# Calling Rhaythorne .... Luch Watch Frebbie



## USEDMODEL (Mar 26, 2005)

Hi Rich (rhaythorne)

Have been given your name, by a mutual friend, as someone who may want this watch to add to your collection.

Recently I was in Belarus and as you know the Luch Watch Factory is in Minsk, where I was staying. I purchased a Luch quartz perpetual calendar watch for relative peanuts, just to have a good look at one. Watch has full guarantee, in Russian. Wondered if you want it.

Photo used with permission of the host (my watch is strapless)
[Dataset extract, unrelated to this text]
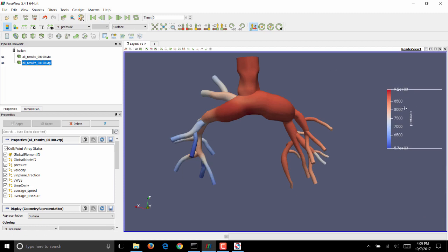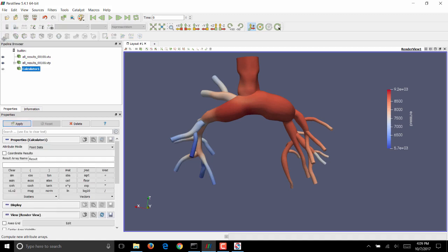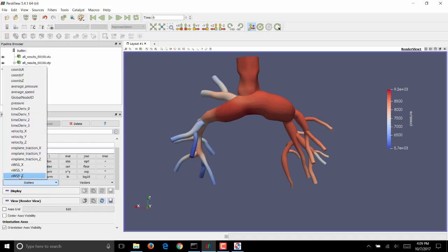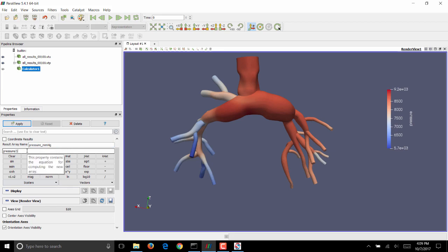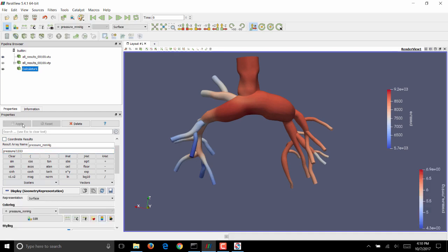To convert them to clinically relevant quantities so that it's easier for interpretation, we'll use this calculator filter. The new result, which I'll name as pressure_millimeter mercury, is pressure divided by 1,333, which is the conversion factor from dyn per centimeter squared to millimeter mercury. Click on Apply.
PM or Email me with your address if you would like it. If not please post a reply or PM me and I will throw it open to all forum members.

Roy


----------



## rhaythorne (Jan 12, 2004)

Hi Roy,

I'd love it! Thanks very much indeed. PM sent


----------



## USEDMODEL (Mar 26, 2005)

Hi Rich








On its way to you ............... enjoy























Sorry forum members














that you didn't have a chance, but keep looking at

THIS SPACE







WORKING ON SOMETHING









you never know what might happen ............ think Jason has an idea?

Roy


----------



## pg tips (May 16, 2003)

USEDMODEL said:


> . think Jason has an idea?
> 
> 
> 
> ...


That'll be a 1st


----------



## jasonm (Nov 22, 2003)




----------



## USEDMODEL (Mar 26, 2005)

Pg















That was fighting talk
















No wonder Jason went on the defensive









He who laughs last .... laughts the loudest.

Jason, may have the last laugh ............. me thinks























Roy


----------



## mach 0.0013137 (Jan 10, 2005)

Jason has an idea









This could be worrying


----------



## Polo_Step (Aug 24, 2005)

Stop it!

All these animated smilies are giving me a headache!


----------